Consciente de lo polémicas que resultaban las ejecuciones, Santander intentó justificarlas, alegando la amenaza de conspiración que pesaba sobre una ciudad desguarnecida; la dificultad de efectuar el canje de prisioneros propuesto previamente por Bolívar, ante la muy probable negativa del virrey Sámano; y la justicia de tomar represalias contra los realistas, que seguían librando una guerra de exterminio. Sin embargo, el fantasma de los fusilamientos de octubre de 1819 lo persiguió toda su vida. Muchos años después, sus enemigos políticos recordaron que las víctimas habían sido sacadas por partidas “entre la algazara, al son de la música, que en vez de marcha mesurada no tocaba sino la guabina, el sanjuanito y Las emigradas”, coplas burlescas escritas por el doctor José Félix Merizalde a propósito de las mujeres que huyeron de Santa Fe luego de la noticia de Boyacá: “Ya salen las emigradas, / ya salen todas llorando, / detrás de la triste tropa / de su adorado Fernando”. Tan reprobable fue el jolgorio popular que enmarcó las ejecuciones, como escandalosa la manera en que se dio muerte a los realistas: “No se colocaron patíbulos, sino que los fusilaban de pie y sin vendar. Los soldados eran inexpertos, y les causaban muchas heridas antes de darles muerte. A muchos de ellos les despedazaban a sablazos en medio de los gemidos y los ayes de los moribundos; de modo que más parecía matanza de perros que ejecución de hombres”.

Al cesar las ejecuciones, presenciadas con “grande complacencia” por Santander, este había montado a caballo escoltado por sus allegados, pasando “casi por sobre los miembros palpitantes de los desventurados prisioneros”, antes de finalizar la jornada con un baile en su casa.

Bolívar censuró en privado los fusilamientos por la mala imagen que podían acarrear a la república en el exterior, pero se resistió a hacerlo en público.

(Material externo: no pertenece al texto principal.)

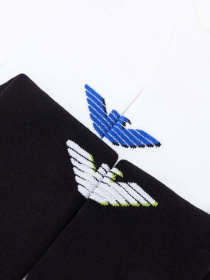 Набір шкарпеток Emporio Armani модель EM000538-AF12299-MC001 Фото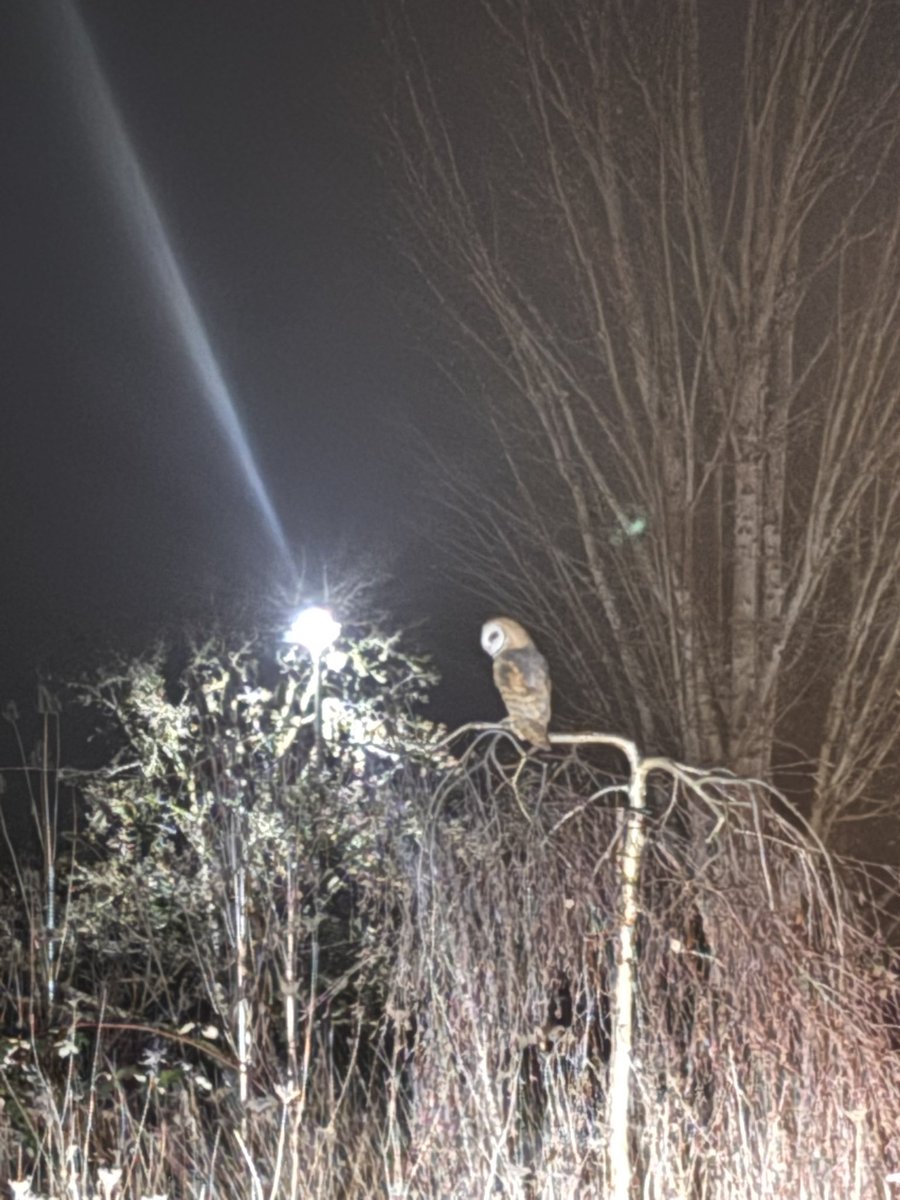 There's a owl at my apartment what do we name it?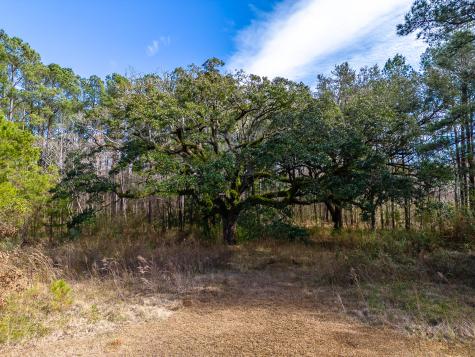 112 Wright Lane Goose Creek SC 29445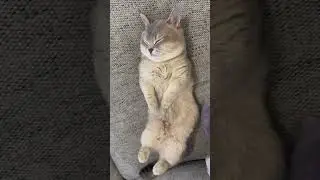 cat reels02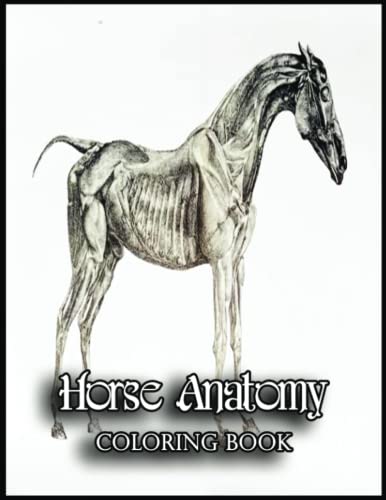 Horse Anatomy Coloring Book: Find Joy and Inner Peace with this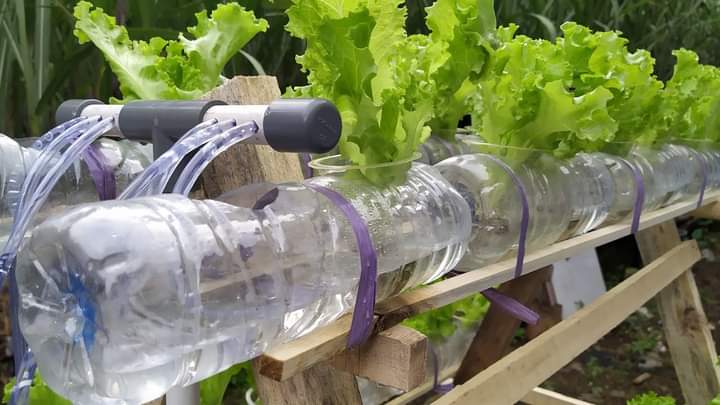 Tanaman Hidroponik dari Botol Bekas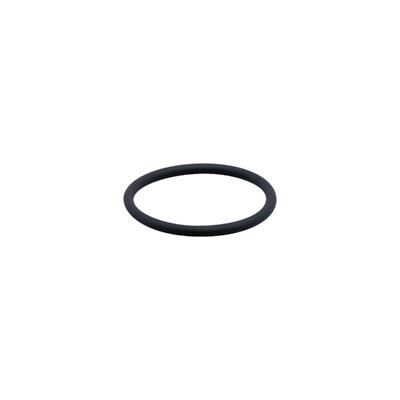 ifm Electronic E30123 O-ring E30123 1 stuk(s)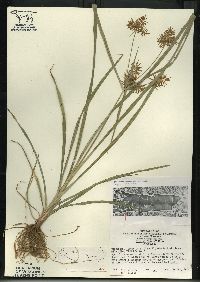 Cyperus esculentus var. leptostachyus image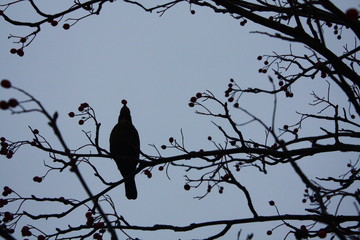 Ein Rabe pickt Früchte von einem Baum im Winter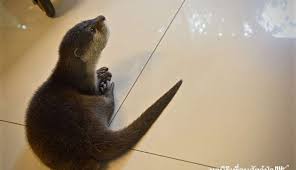 The newest resident of chicago's shedd aquarium is an orphaned southern sea otter pup. Rescued Baby Otter Could Not Be More Excited For Mealtime The Dodo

José Manuel Restrepo, en ese entonces gobernador político de Antioquia y llamado a convertirse en el primer historiador de la república, consideraría que la medida produjo frutos estimables por cuanto “dio vida y nuevo aliento a los independientes”, decidiendo a muchos que estaban vacilantes: “Vieron que no había otro arbitrio que vencer o morir a manos de los españoles, los que a nadie perdonarían si volvían a ocupar el país. La fuerza que estos sentimientos y persuasión comunicaron a todas las clases del Estado fue muy grande. Unida a la actividad, energía y firmeza del vicepresidente de Cundinamarca y demás funcionarios públicos, salvaron a este hermoso país de otra nueva catástrofe y funesta retrogradación. UC

*Este texto hace parte del libro 1819, publicado por la Universidad Externado de Colombia en 2019.